→ What is needed
Please retype the listing below word for word and exclude its images.

→ Information supplied
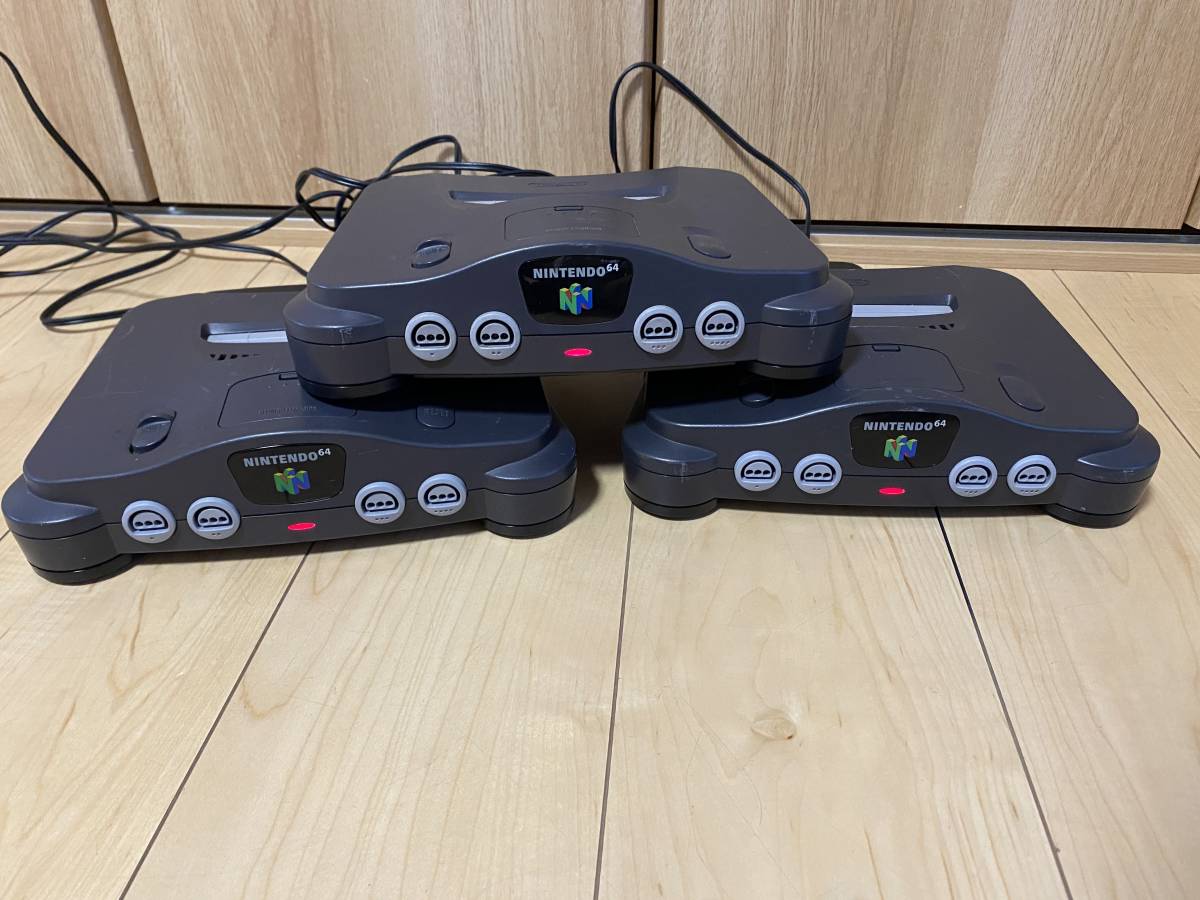 任天堂　Nintendo　ニンテンドー64本体　NUS-001　通電確認　コントローラー　ACアダプタなど付き　中古現状　_画像3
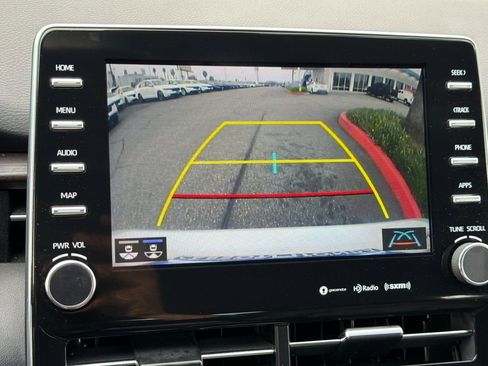 Used 2021 Toyota Avalon XLE w/ Carpet Mat Package (TMS) image 24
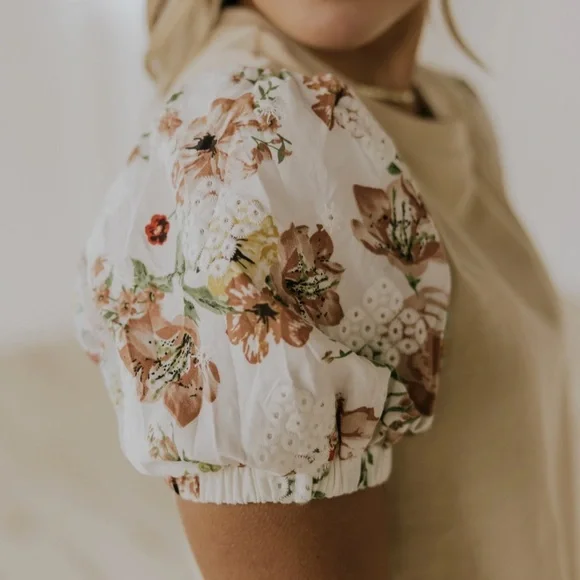 Floral‎ Sleeve Beige Top - Picture 3 of 6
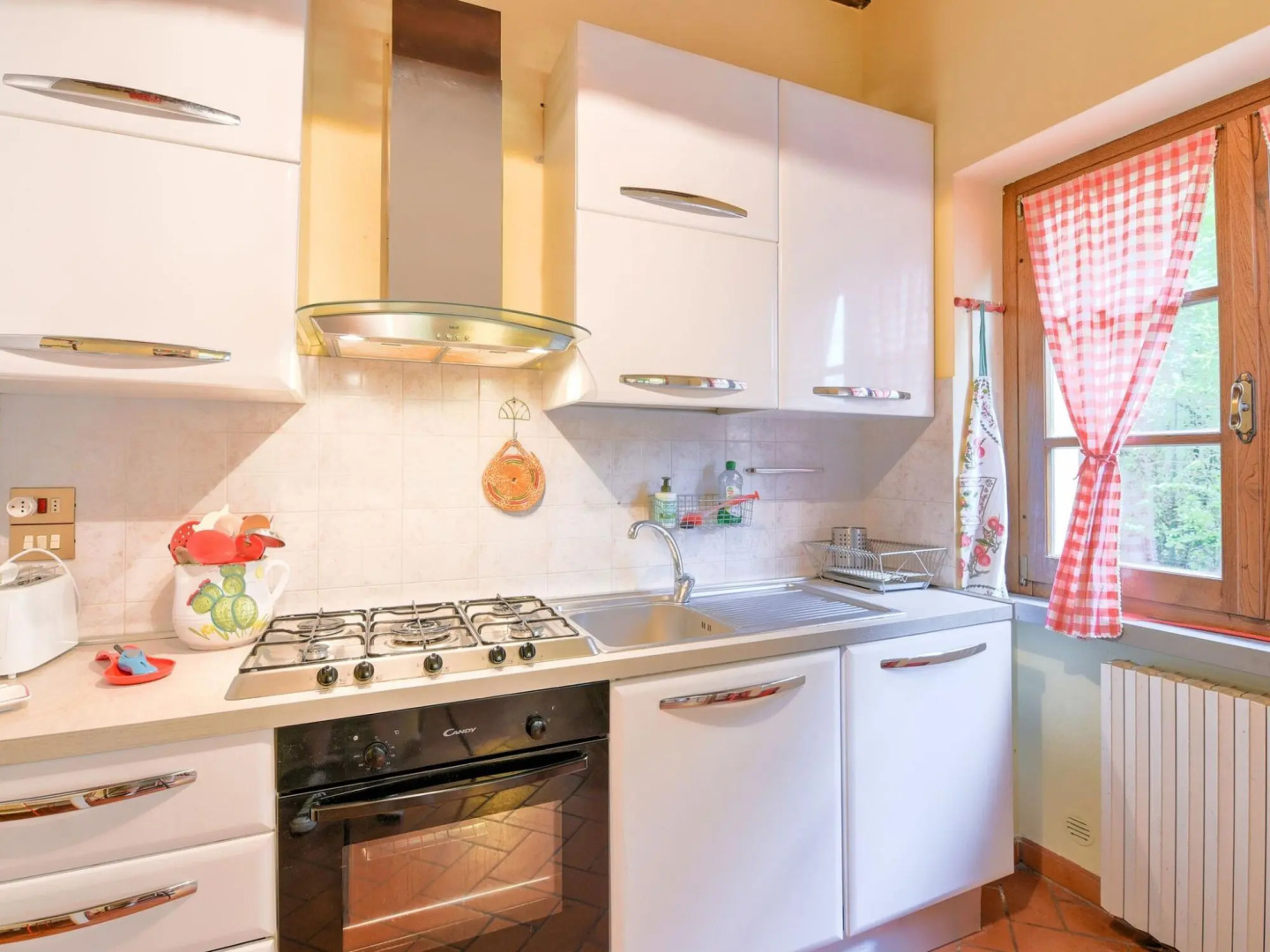 Scenic Stay in Restored Retreat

→ Finished task
 任天堂　Nintendo　ニンテンドー64本体　NUS-001　通電確認　コントローラー　ACアダプタなど付き　中古現状　_画像3
 Used 2021 Toyota Avalon XLE w/ Carpet Mat Package (TMS) image 24
 Floral‎ Sleeve Beige Top - Picture 3 of 6
 Scenic Stay in Restored Retreat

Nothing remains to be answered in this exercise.